(Scraped caption text data)
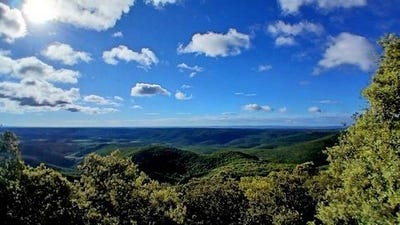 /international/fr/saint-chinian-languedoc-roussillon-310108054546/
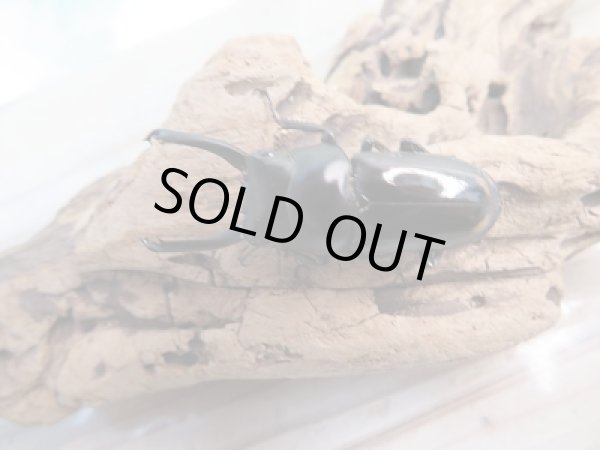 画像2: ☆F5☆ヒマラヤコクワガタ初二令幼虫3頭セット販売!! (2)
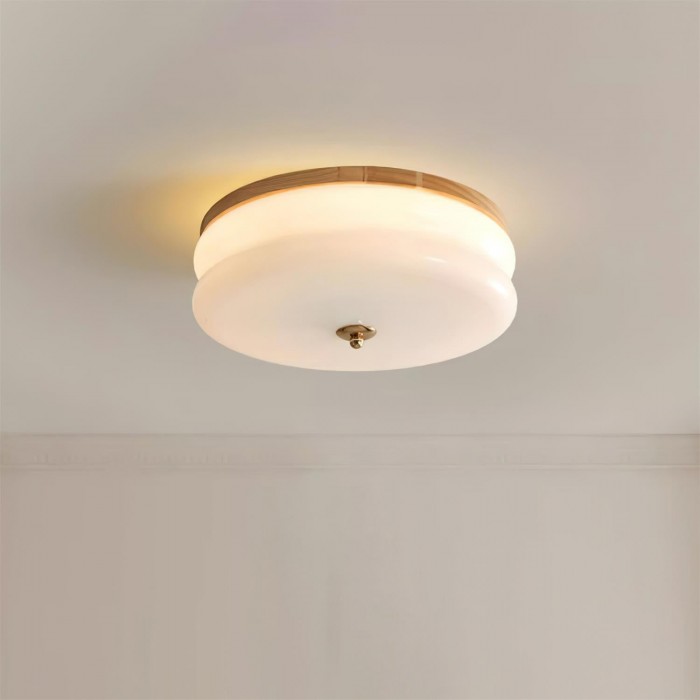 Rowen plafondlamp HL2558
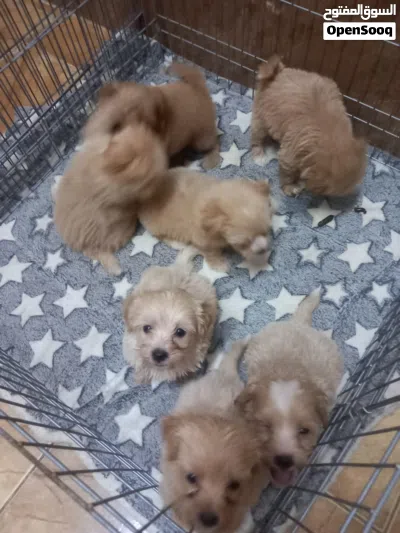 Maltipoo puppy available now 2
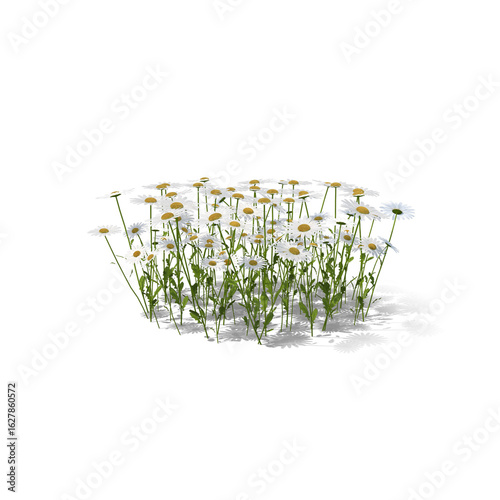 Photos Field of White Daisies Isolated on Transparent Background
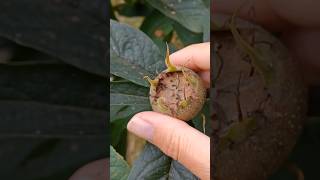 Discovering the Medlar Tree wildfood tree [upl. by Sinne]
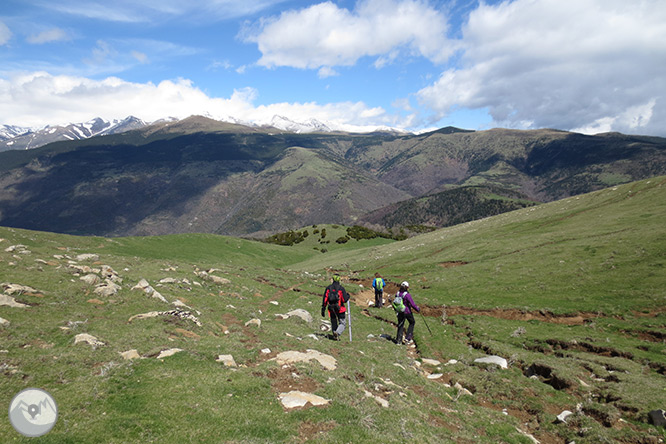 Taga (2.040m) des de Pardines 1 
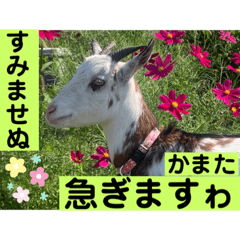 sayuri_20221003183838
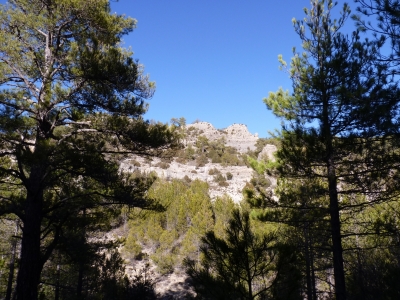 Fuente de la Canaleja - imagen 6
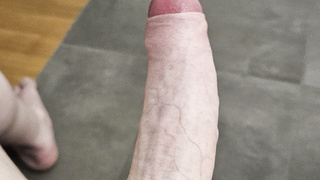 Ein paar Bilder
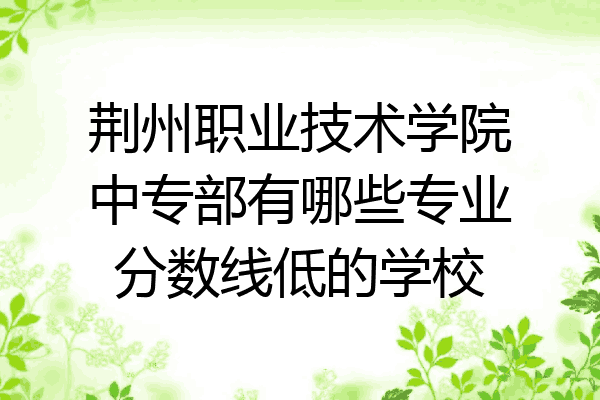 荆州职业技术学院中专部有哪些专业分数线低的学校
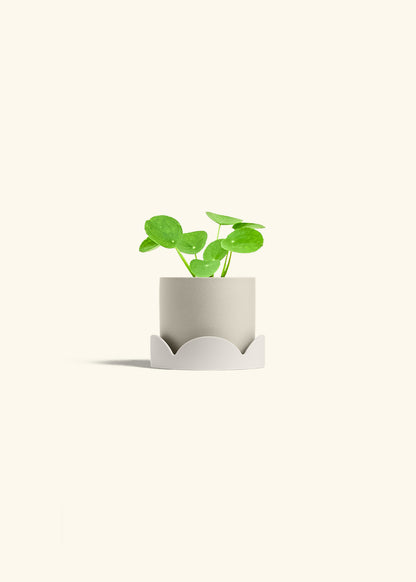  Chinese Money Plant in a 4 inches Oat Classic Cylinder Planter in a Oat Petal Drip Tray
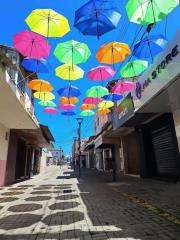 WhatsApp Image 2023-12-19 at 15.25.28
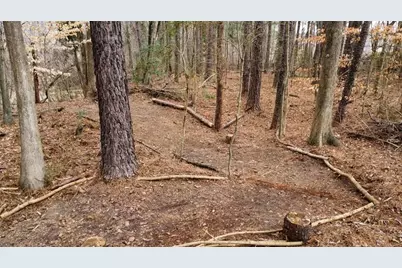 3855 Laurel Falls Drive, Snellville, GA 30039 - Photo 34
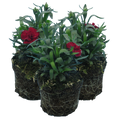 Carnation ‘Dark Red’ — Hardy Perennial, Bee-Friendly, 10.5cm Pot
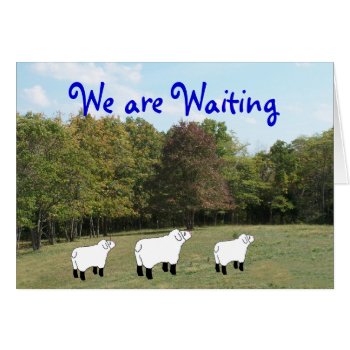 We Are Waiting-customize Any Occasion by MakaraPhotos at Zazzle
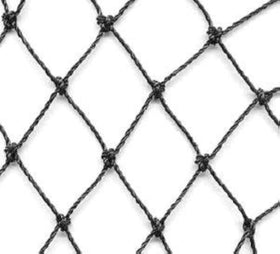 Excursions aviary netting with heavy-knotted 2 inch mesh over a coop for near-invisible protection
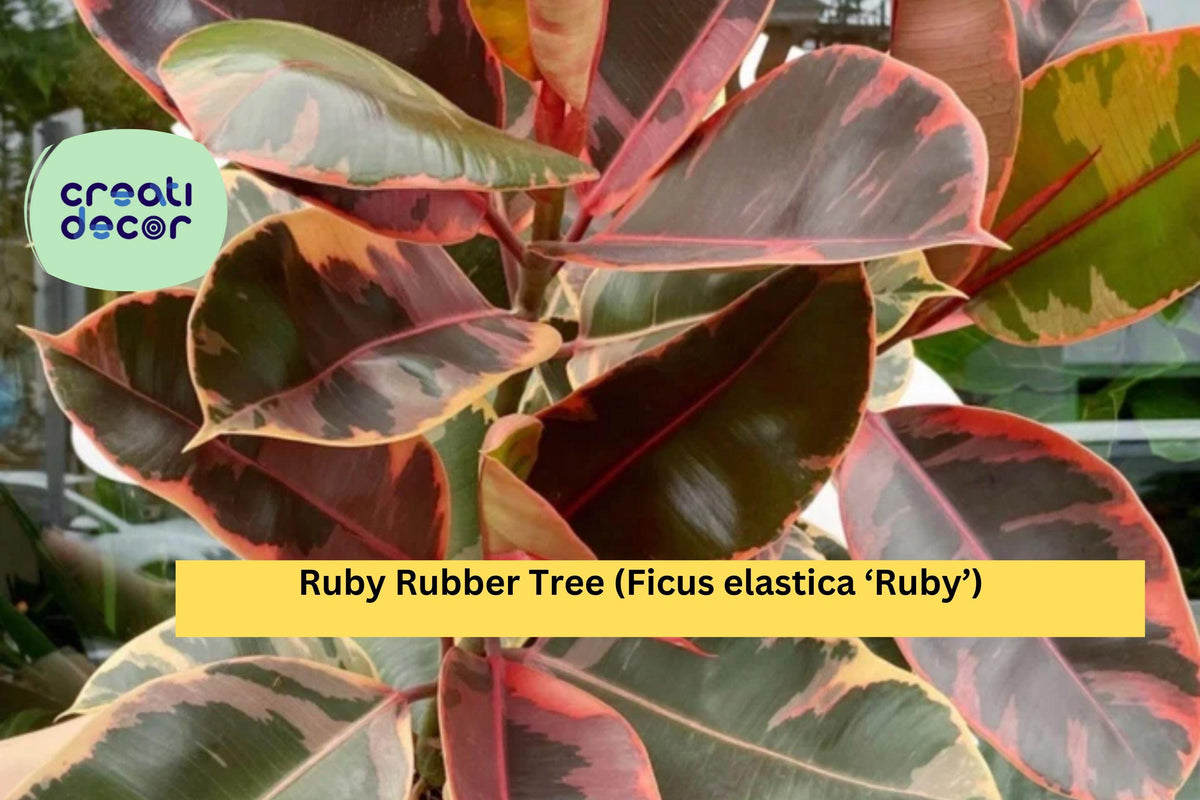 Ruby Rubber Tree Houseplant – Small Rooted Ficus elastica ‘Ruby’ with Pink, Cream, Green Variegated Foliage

WHAT IS REQUIRED: Transcribe exactly each line of the records from the start up to and including the one with "Chinese Money Plant", and leave out every picture.

SOLVED EXERCISE:
 /international/fr/saint-chinian-languedoc-roussillon-310108054546/
 画像2: ☆F5☆ヒマラヤコクワガタ初二令幼虫3頭セット販売!! (2)
 Rowen plafondlamp HL2558
 Maltipoo puppy available now 2
 Photos Field of White Daisies Isolated on Transparent Background
 Discovering the Medlar Tree wildfood tree [upl. by Sinne]
 Taga (2.040m) des de Pardines 1 
 sayuri_20221003183838
 Fuente de la Canaleja - imagen 6
 Ein paar Bilder
 荆州职业技术学院中专部有哪些专业分数线低的学校
  Chinese Money Plant in a 4 inches Oat Classic Cylinder Planter in a Oat Petal Drip Tray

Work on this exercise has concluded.